/---

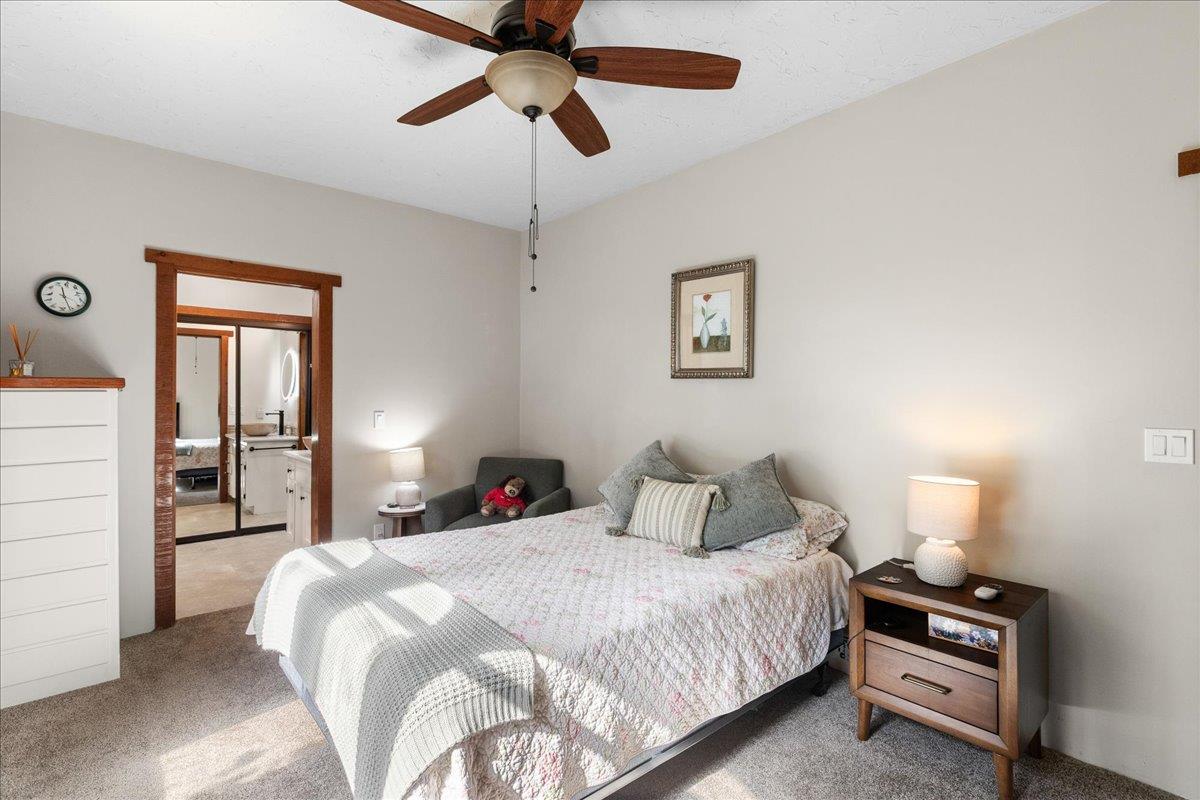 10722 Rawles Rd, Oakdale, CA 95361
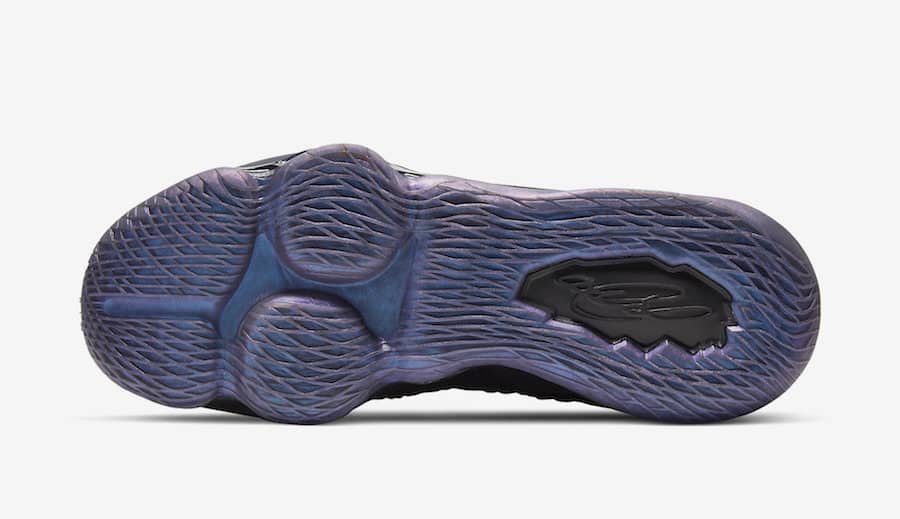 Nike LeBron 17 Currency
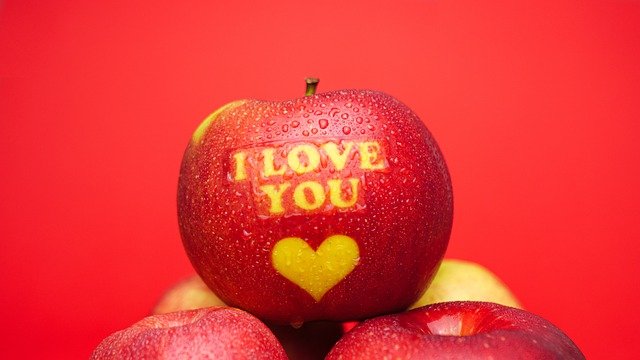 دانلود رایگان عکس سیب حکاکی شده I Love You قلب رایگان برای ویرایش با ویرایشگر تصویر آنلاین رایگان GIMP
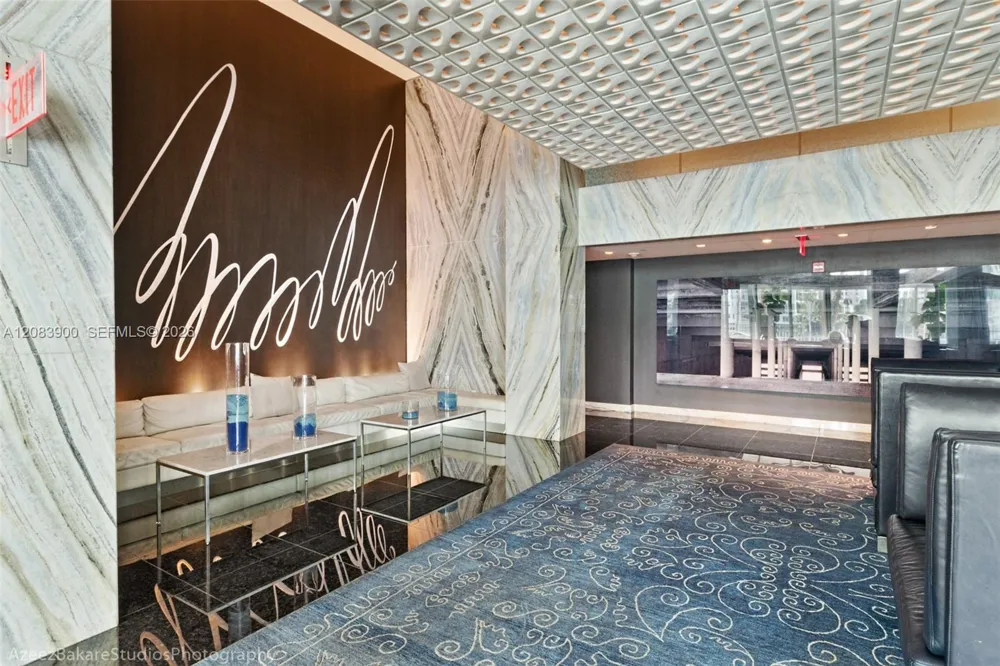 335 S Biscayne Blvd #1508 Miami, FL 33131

\---

**TASK STATEMENT**
The line containing "دانلود رایگان عکس" and each line after it through the end of the listing above are to be written out exactly, without the pictures.

**WRITTEN RESPONSE**
 دانلود رایگان عکس سیب حکاکی شده I Love You قلب رایگان برای ویرایش با ویرایشگر تصویر آنلاین رایگان GIMP
 335 S Biscayne Blvd #1508 Miami, FL 33131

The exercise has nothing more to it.